What is being asked: Repeat every record below exactly, omitting any pictures.

__________

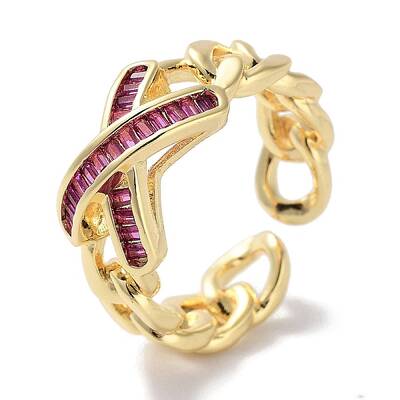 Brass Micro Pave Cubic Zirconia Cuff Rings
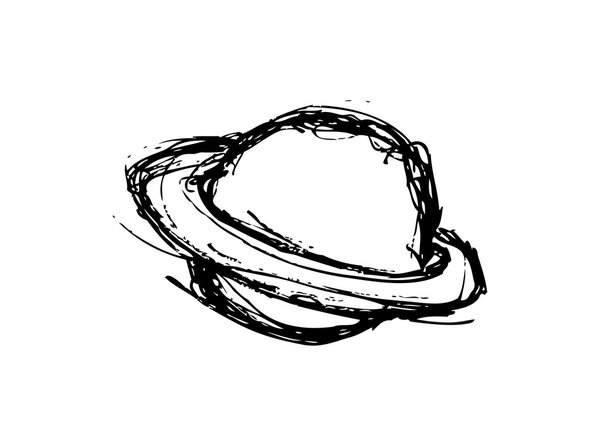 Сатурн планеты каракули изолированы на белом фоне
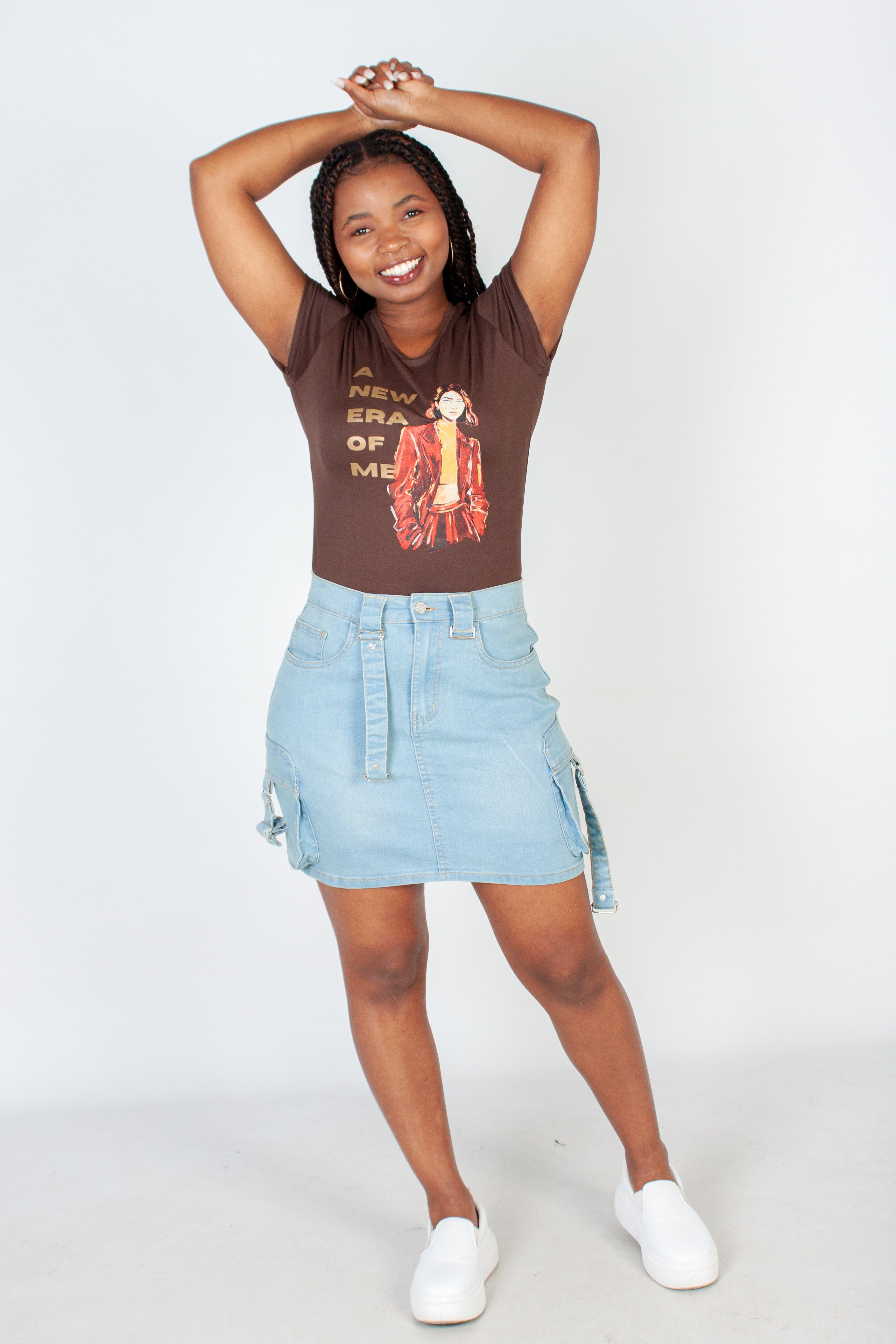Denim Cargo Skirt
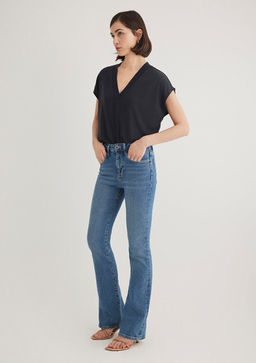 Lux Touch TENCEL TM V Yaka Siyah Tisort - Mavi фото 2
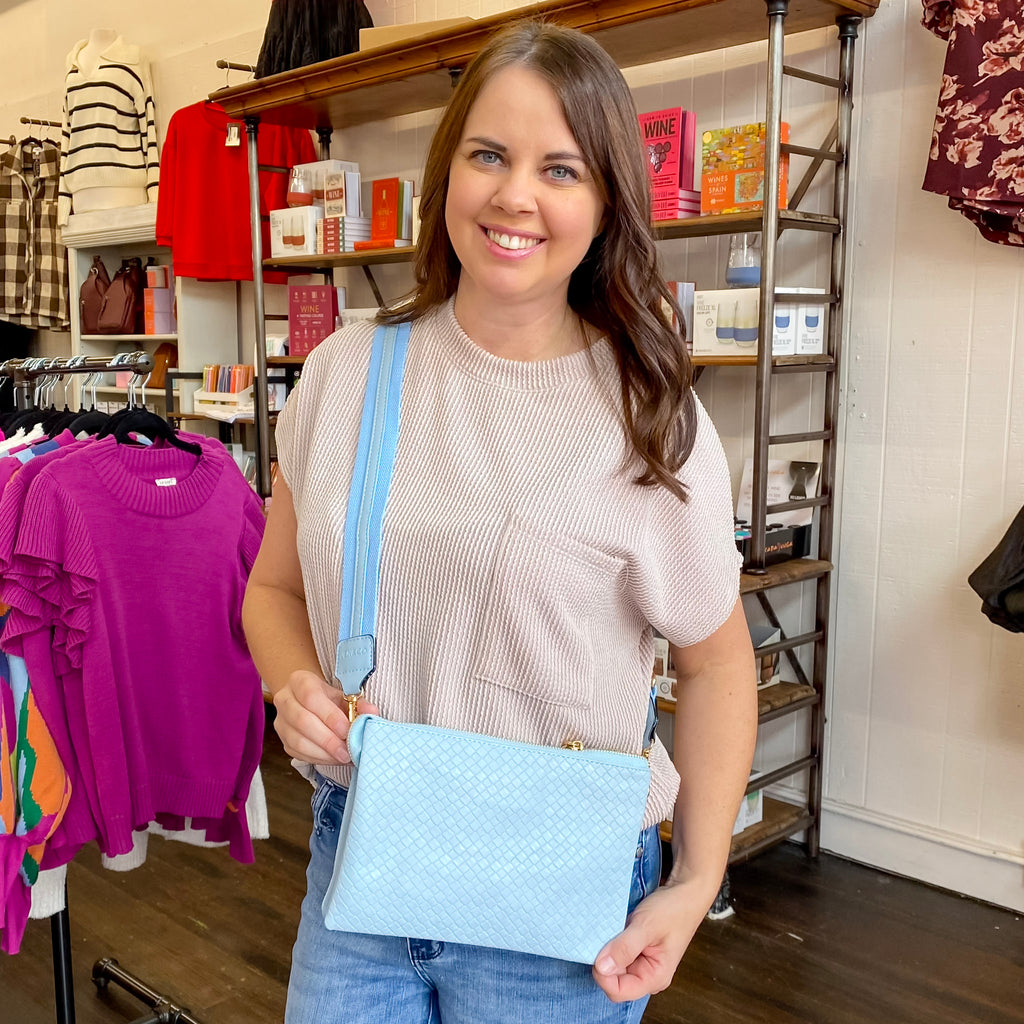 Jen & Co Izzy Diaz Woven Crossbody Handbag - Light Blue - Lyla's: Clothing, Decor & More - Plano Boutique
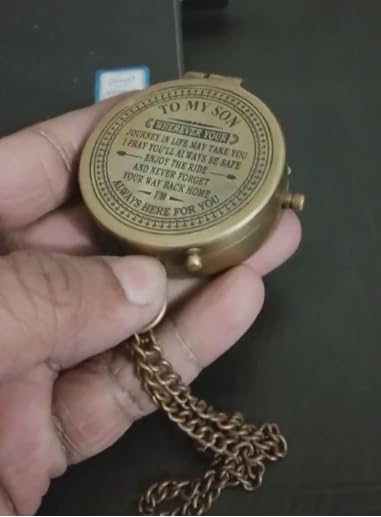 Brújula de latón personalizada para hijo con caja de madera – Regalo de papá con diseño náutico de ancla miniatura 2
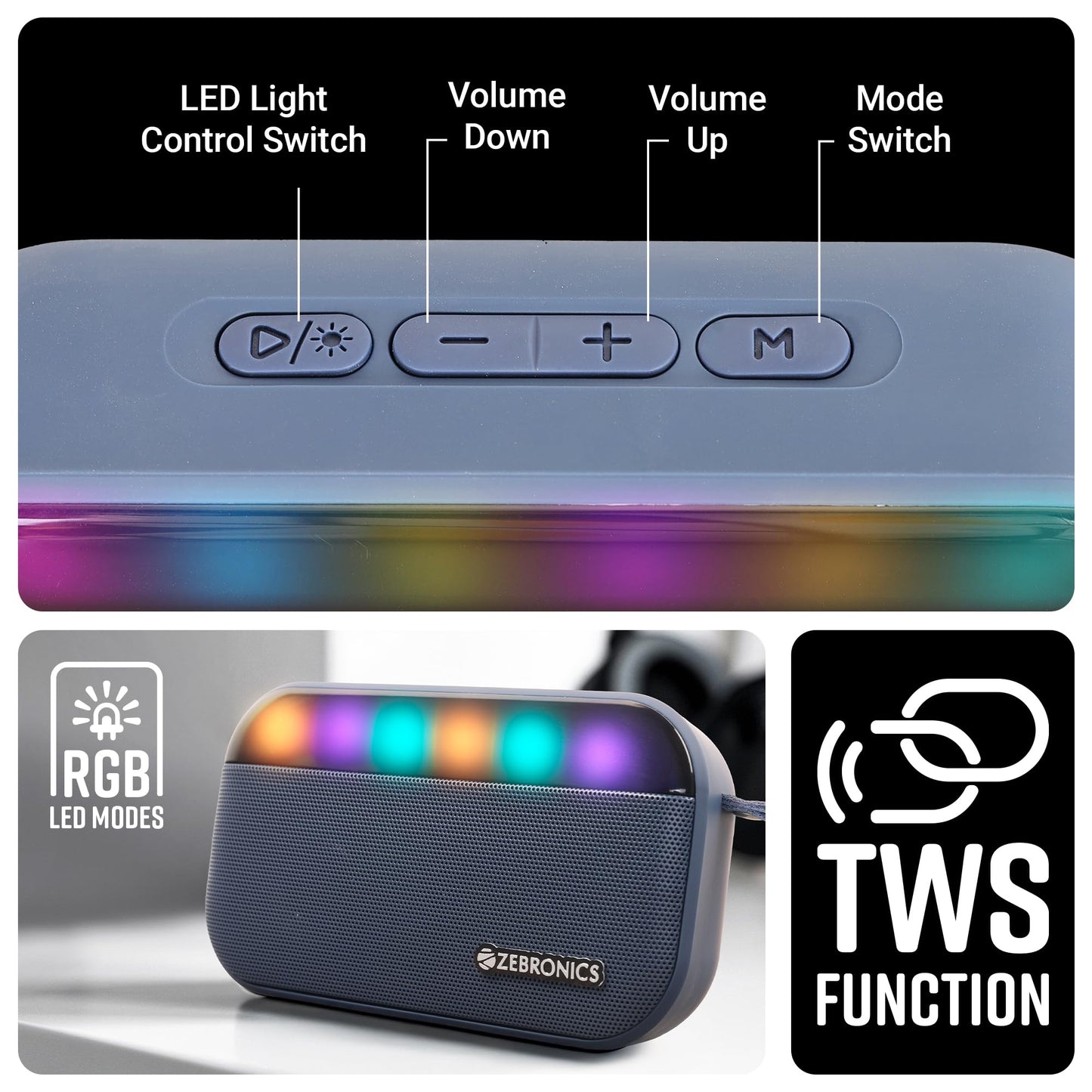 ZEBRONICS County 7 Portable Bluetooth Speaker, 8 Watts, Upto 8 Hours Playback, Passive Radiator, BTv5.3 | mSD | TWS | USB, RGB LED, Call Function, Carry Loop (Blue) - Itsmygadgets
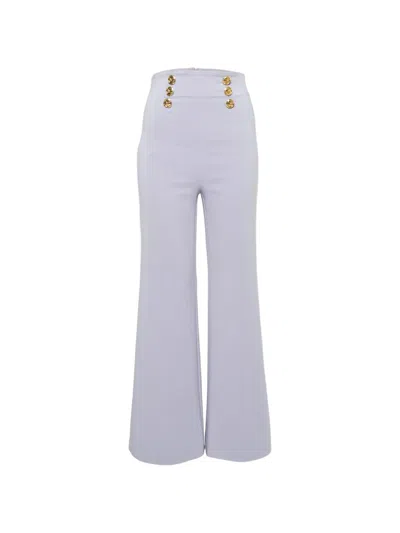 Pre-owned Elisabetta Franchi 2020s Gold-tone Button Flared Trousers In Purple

__________

Final answer:
 Brass Micro Pave Cubic Zirconia Cuff Rings
 Сатурн планеты каракули изолированы на белом фоне
Denim Cargo Skirt
 Lux Touch TENCEL TM V Yaka Siyah Tisort - Mavi фото 2
 Jen & Co Izzy Diaz Woven Crossbody Handbag - Light Blue - Lyla's: Clothing, Decor & More - Plano Boutique
 Brújula de latón personalizada para hijo con caja de madera – Regalo de papá con diseño náutico de ancla miniatura 2
 ZEBRONICS County 7 Portable Bluetooth Speaker, 8 Watts, Upto 8 Hours Playback, Passive Radiator, BTv5.3 | mSD | TWS | USB, RGB LED, Call Function, Carry Loop (Blue) - Itsmygadgets
 Pre-owned Elisabetta Franchi 2020s Gold-tone Button Flared Trousers In Purple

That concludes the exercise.